Sperimentazione del 2° ciclo/2.

Vincono i falchi, però...

Tuttoscuola, 31 gennaio 2006

 

Non era prevedibile che Letizia Moratti decidesse di concludere di fatto la sua esperienza ministeriale con uno strappo politico-istituzionale, nei confronti delle Regioni, così violento come quello che si concretizza, in pratica, con l’adozione unilaterale, con lo strumento del decreto ministeriale, di un piano nazionale a sostegno dell’attuazione della riforma del secondo ciclo (campus compresi) già a partire dal 1° settembre 2006. Decisione avvenuta, ricordiamolo, a iscrizioni chiuse. Quasi una beffa, per esempio, per un genitore che avesse appena iscritto il figlio a un istituto professionale industria e agricoltura (Ipsia) e scoprisse che in un’altra scuola del quartiere verrà sperimentato un liceo tecnologico.

Al momento dell’approvazione del Decreto legislativo 17 ottobre 2005, n. 226, che fissava la decorrenza della riforma dal 1° settembre 2007, era sembrato che Letizia Moratti intendesse in tal modo far decantare le tensioni accumulatesi nei rapporti tra il MIUR e le Regioni, allungare i tempi della trattativa interistituzionale, e sottrarre l’argomento della riforma del secondo ciclo alle infuocate polemiche preelettorali.

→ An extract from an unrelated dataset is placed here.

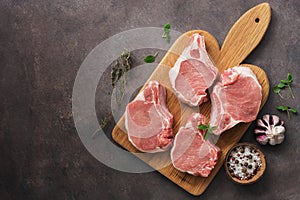 Raw pork slices on a cutting board with spices and herbs, dark rustic background. Top view, flat lay, copy space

Alla fine, però, la decisione è stata diversa, come aveva apertamente auspicato la sottosegretaria Valentina Aprea, fautrice dello scontro duro, tutto politico, con gli avversari della riforma, Regioni del centrosinistra comprese.

Ma più dell’Aprea, hanno potuto le scuole, a detta del ministro: "è stata talmente forte la sollecitazione arrivata da parte delle singole scuole e di parecchie Province - ha dichiarato - che era impossibile fermare il processo. Abbiamo soltanto assecondato le richieste che ci venivano fatte".

E’ da notare, tuttavia, che nel testo ministeriale non mancano una serie di cautele: il ripetuto richiamo al Regolamento dell’autonomia (DPR 275/99), il doppio vincolo del consenso dei genitori e dell’adesione del Collegio dei docenti al progetto, la possibilità di adattare le innovazioni (anche parziali, dice il decreto) alle concrete situazioni e condizioni di fattibilità locali, la ricerca di intese tra gli Uffici scolastici regionali e le Regioni. Insomma, una serie di accortezze, quasi di ammortizzatori, con l’apparente intento di facilitare una gestione morbida delle innovazioni, e la possibilità di rivedere le decisioni. Insomma, di accompagnare la scuola al di là delle colonne d’Ercole delle prossime elezioni politiche.